It’s not often that you can look at a player hitting .310/.322/.621 (.403 wOBA) and feel like his performance has stepped back from last year. Maybe it’s just me and/or maybe Robinson Cano has spoiled us all, but there’s one part of the second baseman’s game that has taken a nose dive during the first 14 games of the season: his plate discipline. At least superficially anyway; Cano has drawn just one walk this season and his 3.14 pitches per plate appearance ranks 197th out of 200 qualified big leaguers. The only three below him are noted hackers Orlando Cabrera (3.10), Miguel Tejada (2.97), and Vlad Guerrero (2.97).

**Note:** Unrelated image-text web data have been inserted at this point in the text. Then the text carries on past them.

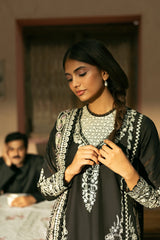 Detailed sleeves embroidery – Afrozeh Bekhudi festive lawn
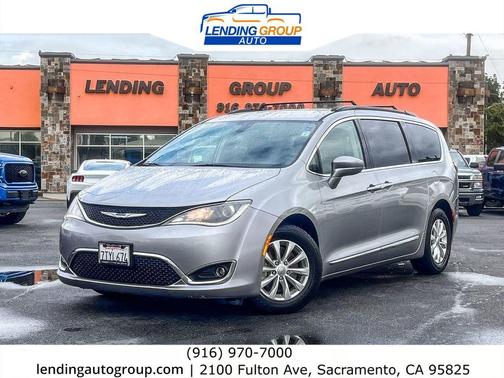 2017 Chrysler Pacifica Touring-L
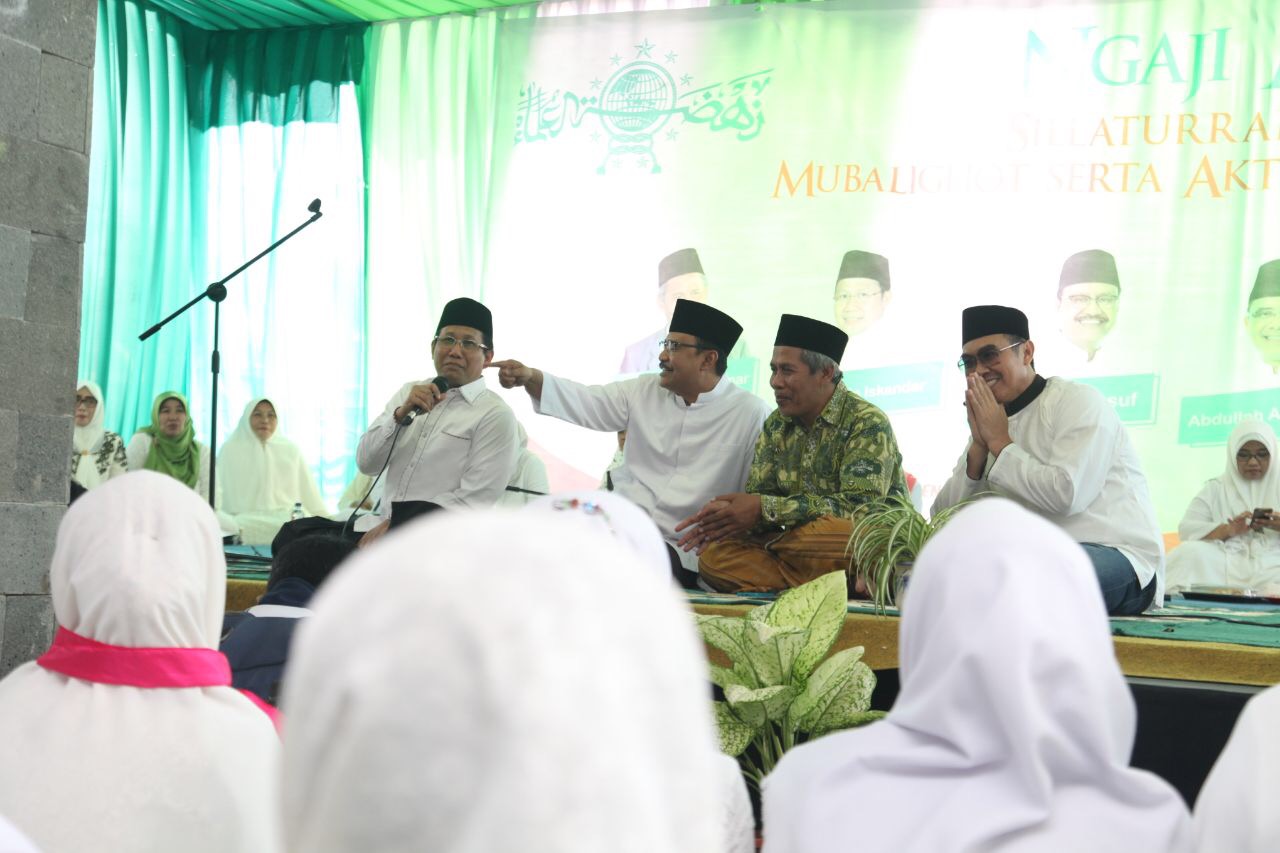 Saifullah Yusuf (dua dari kiri) serta sejumlah tokoh dan ulama saat deklarasi Bu Nyai dukung Gus Ipul-Anas, Sabtu (23/12). (Foto : ngopibareng.id)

Cano set career highs in walks (57), unintentional walks (43), walk rate (8.2%), and unintentional walk rate (6.2%) last season, but he did so while swinging at 36.5% of the pitches he saw outside of the strike zone. That was also a career high, and ranked 184th out of the 205 players with 400 or more plate appearances. So given Robinson’s utter lack of walks this year, you’d think that he’s swinging at even more pitches out of the zone, right? Wrong.
The table above is taken right from Cano’s player page on FanGraphs, and you can click for a larger (and easier to read) view. Cano is actually swinging at fewer pitches outside of the strike zone this year, albeit but a very small amount, but the real change comes on pitches in the zone. He’s hacking at four out of every five pitches over the plate, and making contact at his usual (and absurdly high) rate. This suggests that he simply isn’t getting into many deep counts, and the data backs it up.
Baseball-Reference shows that Cano has not worked a single 3-0 count this season, not once in his 59 plate appearances. Furthermore, he’s only been in two 3-1 counts and two full counts. Two (each)! That’s four three-ball counts all year, or 6.8% of his plate appearances. Last season Robinson worked a three-ball count 113 times (that’s removing the 14 intentional walks), or in 16.6% of his 682 plate appearances. In 2005 and 2006, his first two years as a big leaguer, it was 9.2%. It hasn’t dipped below 11.8% since, so clearly this is completely out of the norm for Cano.
So you know what that tells me? That this utter lack of working the count is just an unsustainably bad pace for Robinson. It’s more of a small sample size issue than a definitive regression in his plate discipline. I haven’t seen anything in his at-bats to suggest otherwise, he’s still very productive and hasn’t turned into an easy out. Cano has established himself as a .320 BABIP guy over the last few seasons, so he’s got a tiny little bit of a rebound coming there (he’s at .304 at the moment) plus what should be a huge correction in his walk rate. A .322 OBP is not good by any stretch of the imagination, at least not for a middle-of-the-order guy, but Cano is underperforming his career norms and looks poised to bounce back into the .350+ OBP range once we get a little deeper into the season.